__Available data__
-----

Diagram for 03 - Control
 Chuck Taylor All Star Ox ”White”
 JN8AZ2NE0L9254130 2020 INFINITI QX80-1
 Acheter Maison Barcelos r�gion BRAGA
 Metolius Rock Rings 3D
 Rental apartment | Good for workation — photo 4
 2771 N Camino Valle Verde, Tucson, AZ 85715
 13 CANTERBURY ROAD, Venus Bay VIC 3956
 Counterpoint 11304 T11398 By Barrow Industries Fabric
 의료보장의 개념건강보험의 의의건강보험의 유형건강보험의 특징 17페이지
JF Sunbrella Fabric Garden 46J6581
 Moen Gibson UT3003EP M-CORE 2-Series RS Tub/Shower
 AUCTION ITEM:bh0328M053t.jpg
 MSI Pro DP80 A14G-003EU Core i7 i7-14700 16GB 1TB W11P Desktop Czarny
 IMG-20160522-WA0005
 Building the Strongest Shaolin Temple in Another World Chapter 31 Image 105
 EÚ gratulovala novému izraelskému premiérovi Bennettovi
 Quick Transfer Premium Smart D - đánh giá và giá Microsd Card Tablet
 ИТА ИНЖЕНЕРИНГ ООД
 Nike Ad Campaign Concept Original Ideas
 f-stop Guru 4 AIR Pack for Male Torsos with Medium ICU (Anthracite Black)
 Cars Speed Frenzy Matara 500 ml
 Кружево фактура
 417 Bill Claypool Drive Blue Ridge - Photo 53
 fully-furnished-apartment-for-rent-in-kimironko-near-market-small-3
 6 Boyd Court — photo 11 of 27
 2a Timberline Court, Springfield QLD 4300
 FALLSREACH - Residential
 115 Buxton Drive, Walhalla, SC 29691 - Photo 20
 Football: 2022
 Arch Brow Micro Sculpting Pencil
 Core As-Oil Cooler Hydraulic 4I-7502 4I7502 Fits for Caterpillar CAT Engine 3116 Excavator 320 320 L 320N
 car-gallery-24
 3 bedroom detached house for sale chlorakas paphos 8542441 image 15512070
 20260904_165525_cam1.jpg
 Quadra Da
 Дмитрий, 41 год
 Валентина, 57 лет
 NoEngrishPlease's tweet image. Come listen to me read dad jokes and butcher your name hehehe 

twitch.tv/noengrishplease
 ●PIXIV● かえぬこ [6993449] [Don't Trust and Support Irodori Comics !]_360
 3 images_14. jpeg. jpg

-----

__What is needed__
In the records, how many lines have the word "apartment" in them? Only the number is needed.

__Answer for the task__
2